Specifically, the council is considering where reusable technology and microservices can be funded, as well as how authentication and identity management capabilities might be expanded. Any recommendations ultimately will take multiple parties to implement because the council is an advisory body without a budget.

The council also wants improvements to data-sharing protocols, particularly for systems like HHS Protect that are gathering data from hundreds of datasets in near real time to inform the White House Coronavirus Task Force’s pandemic response.

“Improving the consistency and clarity of results delivered through dashboards, project transparency, mission stories — they demonstrate value,” Roat said, during Nutanix‘s Cloud Together Virtual Summit produced by FedScoop. “And a faster path to maturing data-sharing protocols, especially where data is frequently updated and incorporated into decision-making models, is an area where we really need to focus as a federal government.”


Both the council — which currently has 29 members — and the Federal Data Strategy team would be stakeholders in any effort to expedite data sharing. The council’s broader, more strategic goals could require policy changes from the Office of Management and Budget or possibly Congress.

The council began flagging areas for potential investment in May, and agencies continue to make pandemic-driven investments in data from the cloud to advanced analytics and machine learningCIOs have shown they’re willing to get rid of “bureaucratic red tape” if it means streamlining processes like data sharing, Roat said.

Interoperability is improving, and the cloud is helping agencies collect terabytes of data without spending on hardware. Government can’t afford for the IT modernization happening during the pandemic to slow down, Roat said.

The Department of Veterans Affairs‘ Video Connect tool saw about a 1,000% increase in video visits to veterans’ homes, as did monthly telehealth visits between January and June.

Meanwhile State Department employees logged about 1 million meeting minutes on Cisco Webex by the end of March and made more than 60 internal apps, including those for human resources and training, web accessible to all employees worldwide.


The Department of Health and Human Services created the HHS Protect system pulling from 187 datasets to inform the White House Coronavirus Task Force’s response.

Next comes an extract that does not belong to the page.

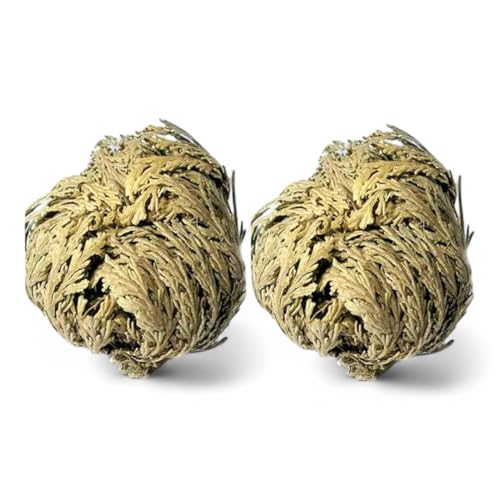Rose of Jericho - Resurrection Plant/Flower - Selaginella Lepidophylla (2)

And the Department of Defense deployed its Commercial Virtual Remote work environment, a Microsoft Teams cloud-based collaboration suite, in under 60 days for 3 million personnel and affiliates to use.

“The pandemic highlighted just how fast we can push technology solutions and cut through those cumbersome and bureaucratic procedures,” Roat said. “The momentum needs to be sustained, and I challenge each of you to build on these successes and continue to drive innovation and break through those internal barriers.”